Questões como o acto de ler, a criação literária e a escrita, a censura ou as redutoras leituras apenas das parangonas dos títulos, a força imanente de uma biblioteca, a capacidade de descrever e de contar, a pluralidade da interpretação, a força do silêncio, o papel da literatura dita infantil, as marcas de autor, os livros que fazem e marcam um leitor, entre outras, povoam as crónicas aqui apresentadas, sempre num testemunho de paixão pelo livro e pela liberdade de ler, recorrendo à experiência de leitura, muito mais do que à teorização, e convocando nomes como Raul Brandão, Lao Tse, Steiner, Brodsky, Primo Levi, Tchékov, Rilke, Marguerite Duras, Eliot, Saint-Exupéry, Camus, Dostoievski, Joyce, Orwell, Umberto Eco, Lídia Jorge, Santo Agostinho ou Fernando Namora para sustentação das considerações feitas.
Nestas crónicas não faltam as marcas de poesia, sobretudo para provar que a literatura pode dar imagem do real, mas ultrapassa esse real, recriando-o a partir da emoção, da criatividade e do olhar, erigindo-o em arte, como quando se recorre ao exemplo da descrição da casa: “Quando descrevo a minha casa de forma concisa, objectiva e despersonalizada, deixo inevitavelmente de parte algumas das suas dimensões mais essenciais. Estou a descrever uma casa, mas não estou a descrever um lar. As emoções que o lar convoca escapam a uma descrição factual. No entanto, é isso que constitui o lar: não só o espaço, mas a experiência que nele é vivida. Um lar não se reduz a espaço e tempo (como conceitos físicos), é lugar e história. A casa, enquanto entidade física, é perfeitamente apreensível. (...) A casa pode ser medida, esquadrinhada, modelada em software, reduzida a dados e projecções. O lar esquiva-se a essas descrições. Ao despersonalizar a casa, estou a desabitá-la simbolicamente, a desumanizá-la. Torno-a um lugar genérico, qualquer casa. Mas o lar é sempre singular. É feito daquilo que não se vê: os hábitos, os afectos, os silêncios e os ruídos íntimos que ali se repetem. Só as artes são capazes de descrever o lar. (...) A casa importa, mas é o lar que tem significado.”

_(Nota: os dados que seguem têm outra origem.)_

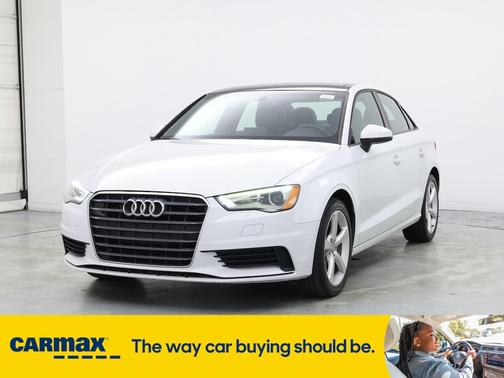 2015 Audi A3 Premium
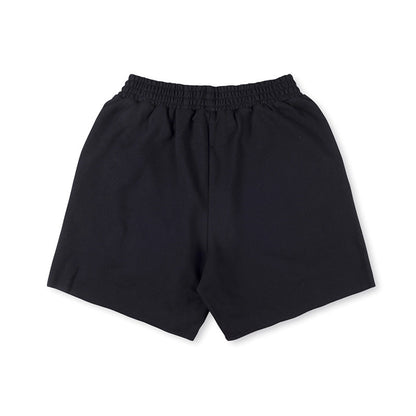 Sp5der OG Logo Embroidered Sweatshort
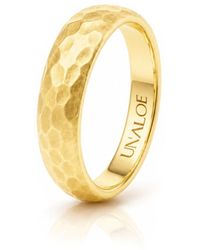 Unaloe - Ring Band - Lyst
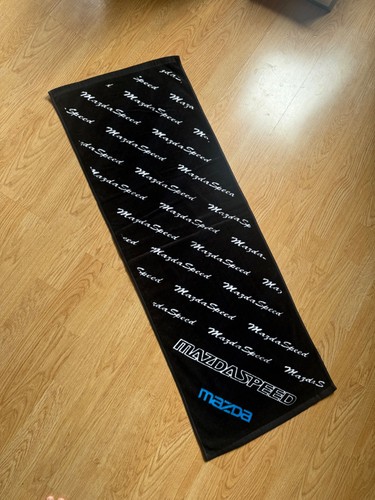 Mazdaspeed 90s fashion - mazdaspeed, towel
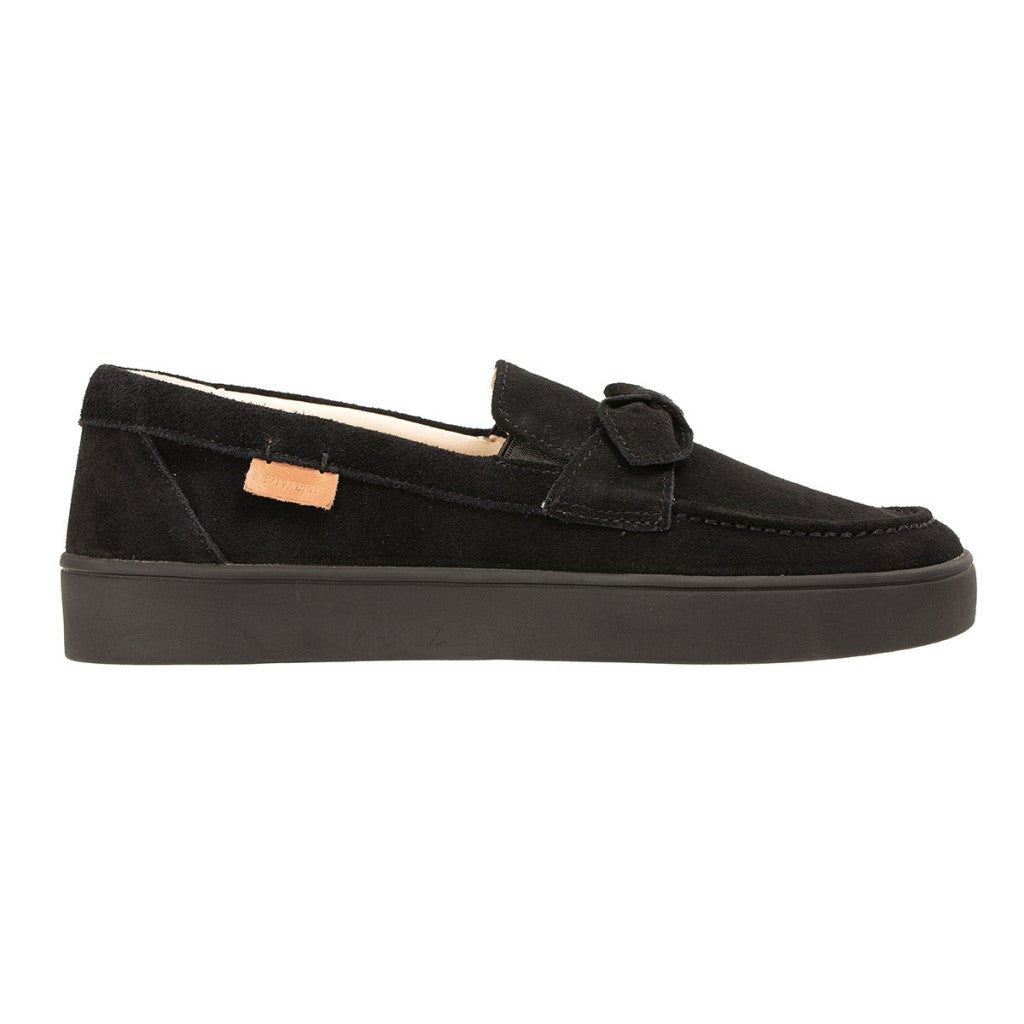 Revitalign Malibu Diana Supportive Women's Slip-On Shoe - Black - Product View - 1
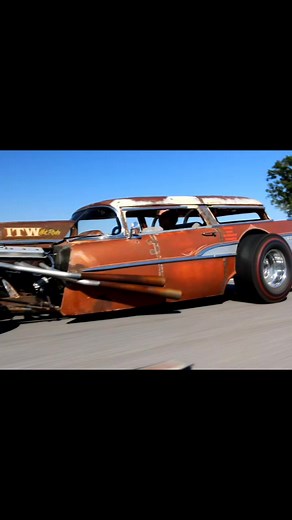 39K views · 1K reactions | #ITW #ratrod #ratrodmagazine #tour #nomad #rolling #fyp #hotwheels #epic | Rat Rod Magazine | Facebook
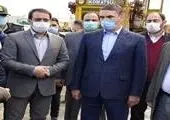 پاسخگویی مدیرکل راه و شهرسازی استان مرکزی در ملاقات مردمی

A todo o momento o leitor sente a presença do princípio deste livro, em que se equaciona a tarefa de ler, mediante três questões: “Como pomos os adultos a ler mais? Como pomos os jovens a ler mais? Como se formam leitores?” A pertinência das interrogações aumenta quando se sabe que a leitura “não tem uma gratificação imediata”, contribui para o nosso isolamento dos outros e do mundo, requer atenção e “obriga ao esforço da descodificação”, em suma, dá trabalho. Mas é a compreensão de tudo isso que leva à descoberta das compensações e ao fascínio do que é ler — assim, poderemos sorrir quando testemunhamos histórias como as que Afonso Cruz evoca: “alguém está a ler num transporte público, quando ouve uma voz dizendo: ‘Não mude de página, que ainda não acabei.’”; ou a que é retirada das Confissões de Santo Agostinho, que “ficava admirado ao ver Santo Ambrósio ler em silêncio, uma prática incomum na época”, porque o “impressionava como os olhos de Ambrósio percorriam o texto, deixando em descanso a voz e a língua”. Encantos com pequenas coisas que só o silêncio do leitor consegue entender!...
* João Reis Ribeiro. "500 Palavras". O Setubalense: n.º 1602, 2025-09-17, pg. 9.